Problem to work on: Please give the entries below again exactly, omitting every picture.

Given data:

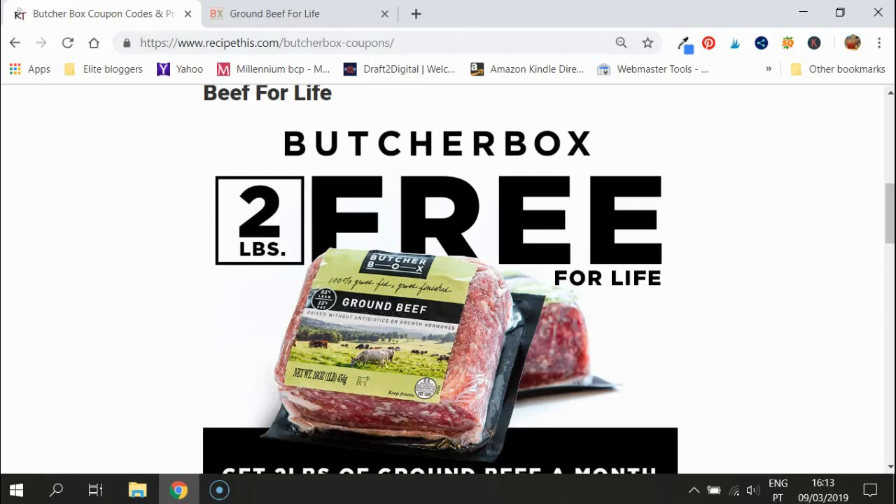Hello, this is Samantha at recipethis.com. I wanted to talk to you today about something fantastic — ButcherBox has got their two pounds of free ground beef for life deal on again.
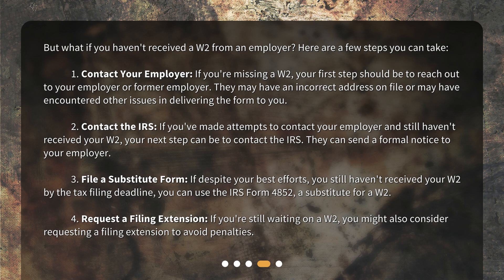Step 2: Contact the IRS. If you've made attempts to contact your employer and still haven't received your W-2, your next step can be to contact the IRS. They can send a formal notice to your employer. Step 3: File a substitute form. If despite your best efforts you still haven't received your W-2 by the tax filing deadline, you can use IRS Form 4852, a substitute for a W-2.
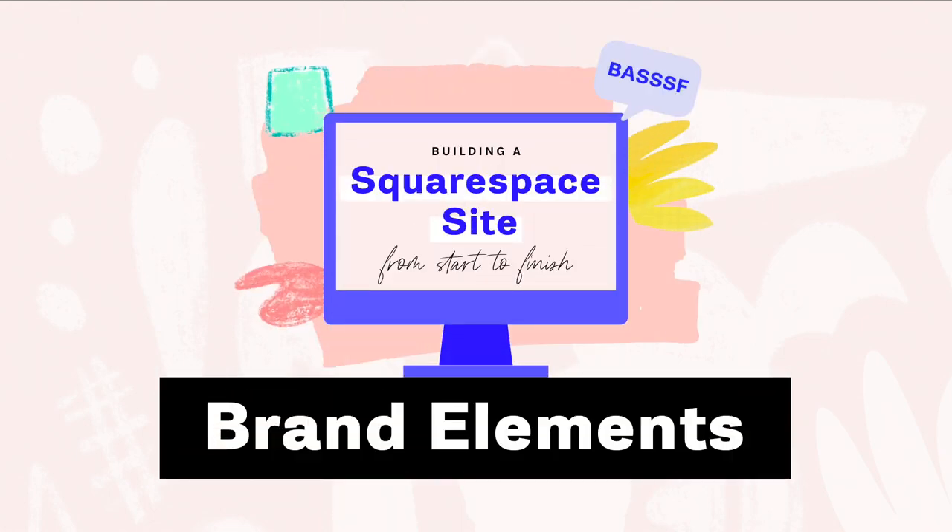Welcome friends back to another video in our BASFA series — Building a Squarespace Site From A scratch to finish. This is why I do the acronym and you do the explanation.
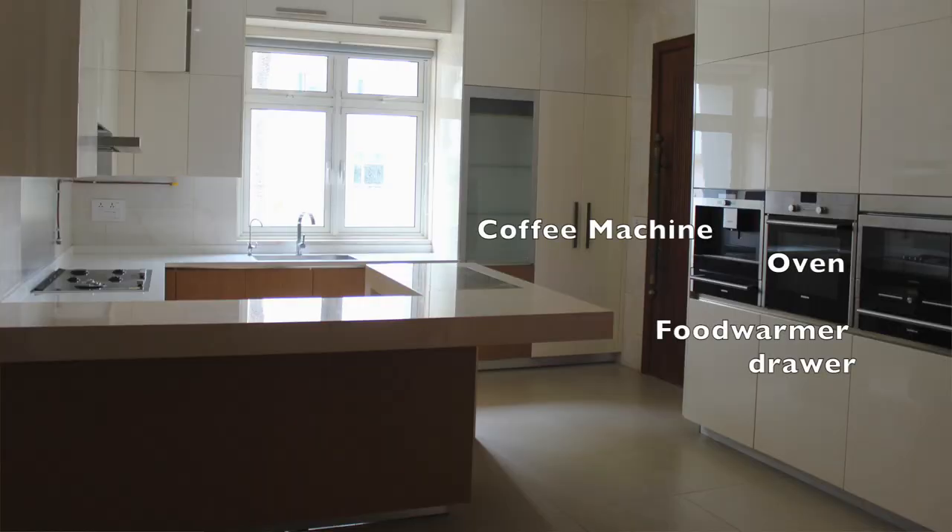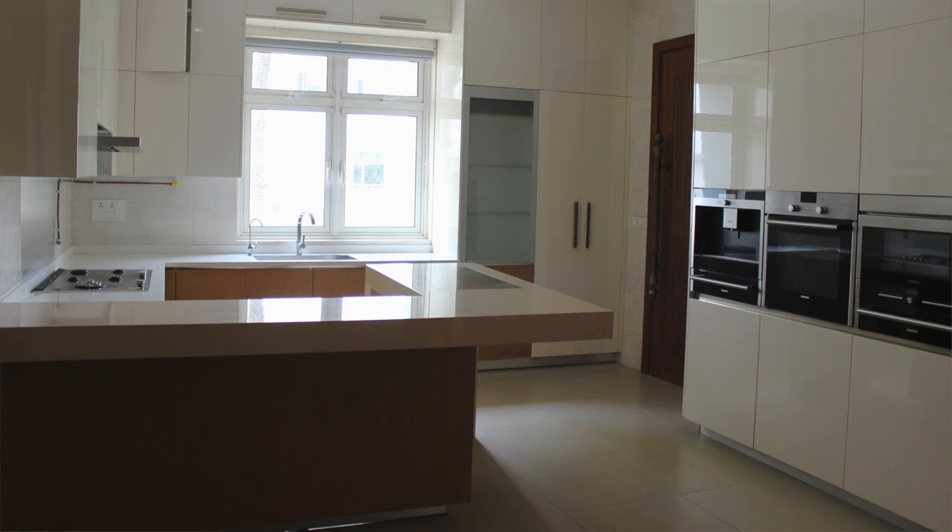Lots of built-in appliances were added here since this would be more of a serving area — oven, microwaves, food warmer drawers, coffee machines since coffee would readily be served here, and built-in refrigerators. There is a rolling shutter in a corner for loose appliances, and just a small veggie sink was added because the main working kitchen was opening into this room.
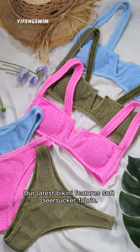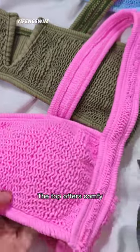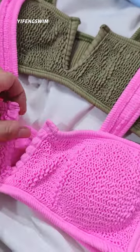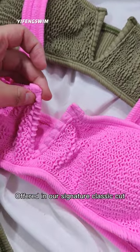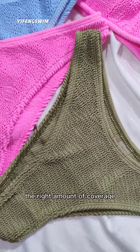Our latest bikini features soft sea sucker fabric. The top offers comfy, moderate support with a wired v-neck detail. Offered in our signature classic cut for the girl who loves just the right amount of coverage.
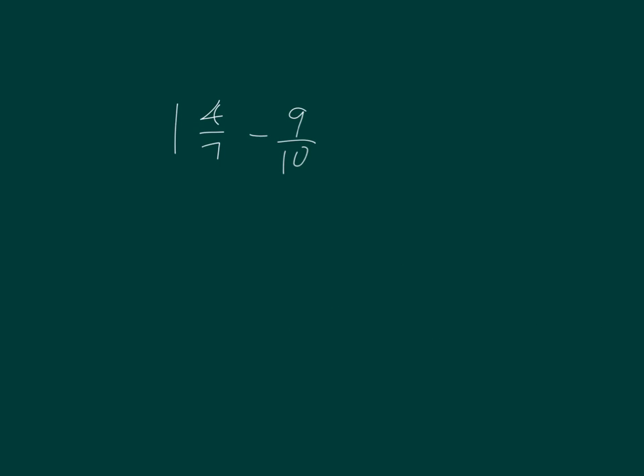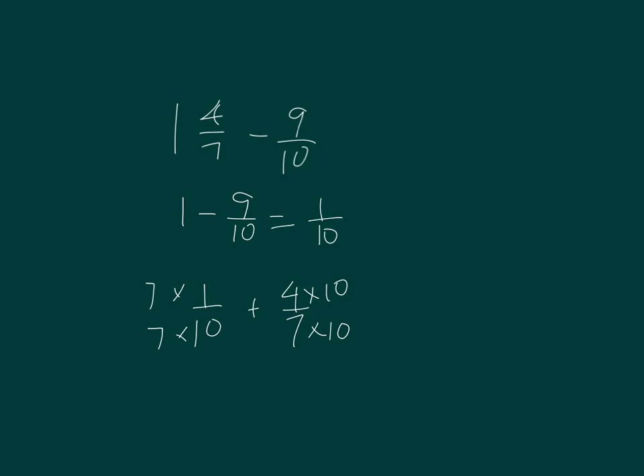What do you notice here? It's a subtraction problem. Here I'm subtracting 9 tenths from 1 and 4 sevenths. 4 sevenths is closer to 1 half than 9 tenths is. Therefore, I'm going to have to subtract the 9 tenths from the 1. I would need to know 1 minus 9 tenths, which equals 1 tenth, and then add it back in with 4 sevenths. That's 7 seventieths plus 40 seventieths, which equals 47 seventieths. My answer there is close to 1 half.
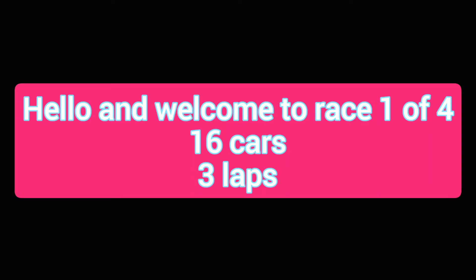Hello and welcome to race 1 of 4. 16 cars, 3 laps. Let's check our starting lineup.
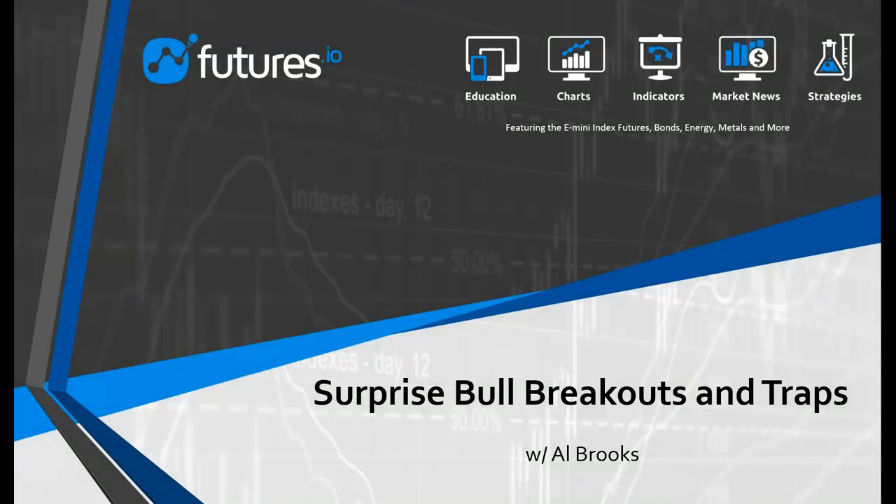Hello everyone, this is Terry with Futures.io, and as always I would like to thank you for joining us today. It's my pleasure to welcome back Al Brooks for today's webinar, Surprise Bull Breakouts and Traps.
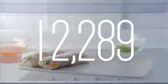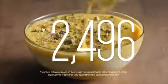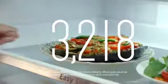12,289 family favorites. 2,496 sweet treats. 3,218 leftover dinners.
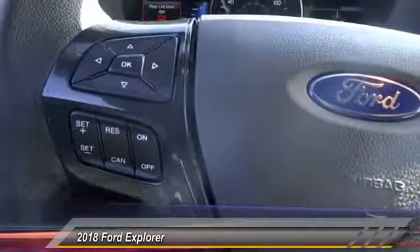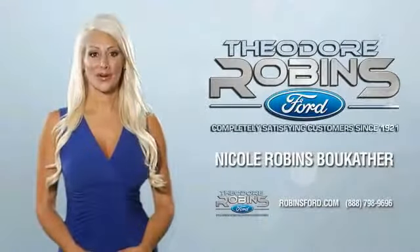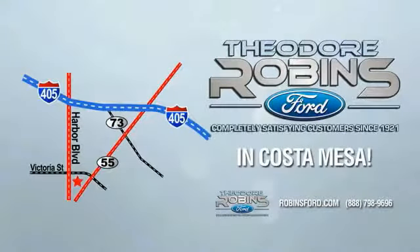Come take a test drive today. This is the time to experience the difference. Theodore Robbins Ford on Harbor Boulevard in Costa Mesa.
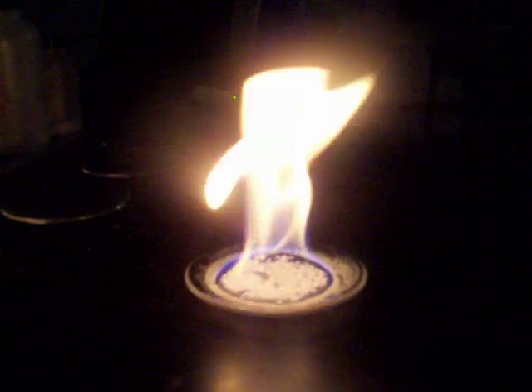We will actually cover that later in the year as to how and why that works. But the dark orange color that you're seeing here in the flames is the calcium salt.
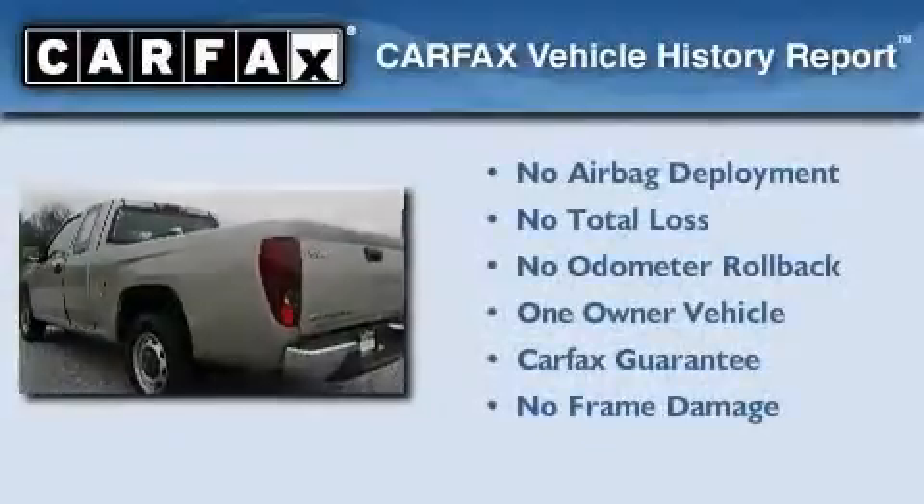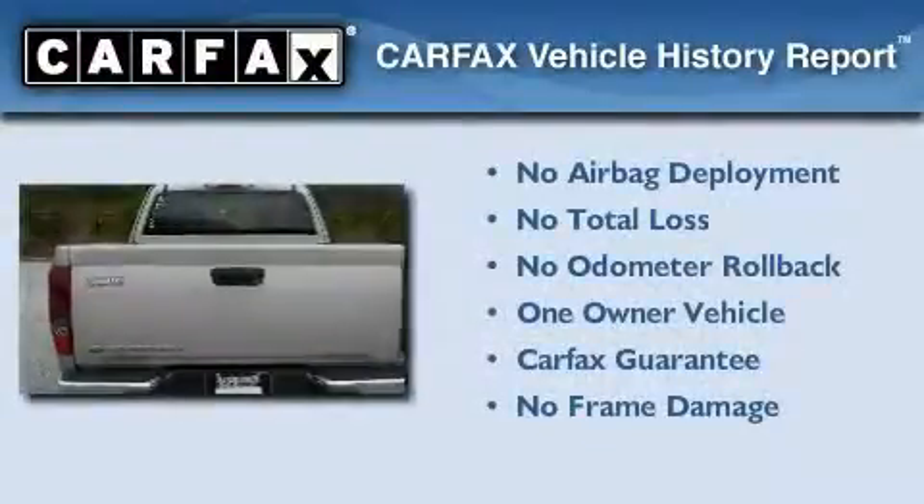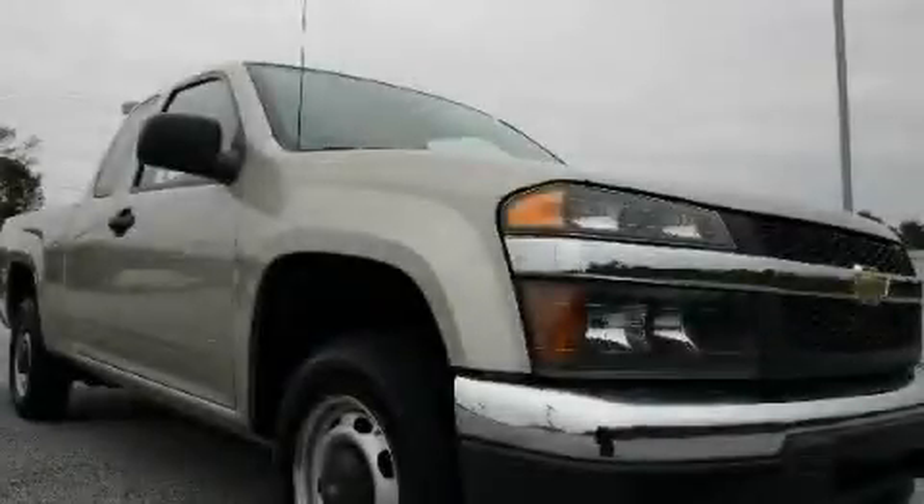This Chevrolet has had only one owner and it qualifies for the Carfax buyback guarantee. We invite you to contact us today to learn more about this vehicle.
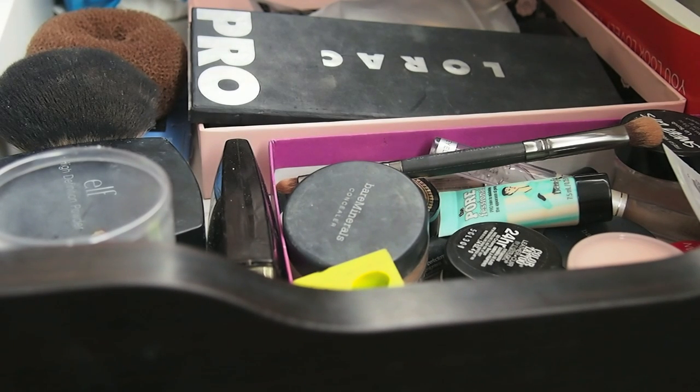Okay guys, it's time to declutter my makeup. You're going to get a little sneak peek of my vanity, but I do want to reorganize it a bit and get some other organizers because I'm not totally happy with the way it's set up now. But you will be seeing a sneak peek of that.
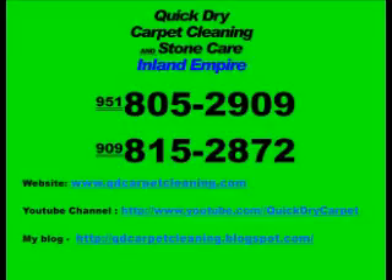Then we'll go back over to work a bit more around the edges if necessary. Finally, we rake and groom the carpet to help it dry. If you have any questions or comments, here's our contact information. Thank you.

Result for this task:
Hello, this is Samantha at recipethis.com. I wanted to talk to you today about something fantastic — ButcherBox has got their two pounds of free ground beef for life deal on again.
Step 2: Contact the IRS. If you've made attempts to contact your employer and still haven't received your W-2, your next step can be to contact the IRS. They can send a formal notice to your employer. Step 3: File a substitute form. If despite your best efforts you still haven't received your W-2 by the tax filing deadline, you can use IRS Form 4852, a substitute for a W-2.
Welcome friends back to another video in our BASFA series — Building a Squarespace Site From A scratch to finish. This is why I do the acronym and you do the explanation.
Lots of built-in appliances were added here since this would be more of a serving area — oven, microwaves, food warmer drawers, coffee machines since coffee would readily be served here, and built-in refrigerators. There is a rolling shutter in a corner for loose appliances, and just a small veggie sink was added because the main working kitchen was opening into this room.
Our latest bikini features soft sea sucker fabric. The top offers comfy, moderate support with a wired v-neck detail. Offered in our signature classic cut for the girl who loves just the right amount of coverage.
What do you notice here? It's a subtraction problem. Here I'm subtracting 9 tenths from 1 and 4 sevenths. 4 sevenths is closer to 1 half than 9 tenths is. Therefore, I'm going to have to subtract the 9 tenths from the 1. I would need to know 1 minus 9 tenths, which equals 1 tenth, and then add it back in with 4 sevenths. That's 7 seventieths plus 40 seventieths, which equals 47 seventieths. My answer there is close to 1 half.
Hello and welcome to race 1 of 4. 16 cars, 3 laps. Let's check our starting lineup.
Hello everyone, this is Terry with Futures.io, and as always I would like to thank you for joining us today. It's my pleasure to welcome back Al Brooks for today's webinar, Surprise Bull Breakouts and Traps.
12,289 family favorites. 2,496 sweet treats. 3,218 leftover dinners.
Come take a test drive today. This is the time to experience the difference. Theodore Robbins Ford on Harbor Boulevard in Costa Mesa.
We will actually cover that later in the year as to how and why that works. But the dark orange color that you're seeing here in the flames is the calcium salt.
This Chevrolet has had only one owner and it qualifies for the Carfax buyback guarantee. We invite you to contact us today to learn more about this vehicle.
Okay guys, it's time to declutter my makeup. You're going to get a little sneak peek of my vanity, but I do want to reorganize it a bit and get some other organizers because I'm not totally happy with the way it's set up now. But you will be seeing a sneak peek of that.
Then we'll go back over to work a bit more around the edges if necessary. Finally, we rake and groom the carpet to help it dry. If you have any questions or comments, here's our contact information. Thank you.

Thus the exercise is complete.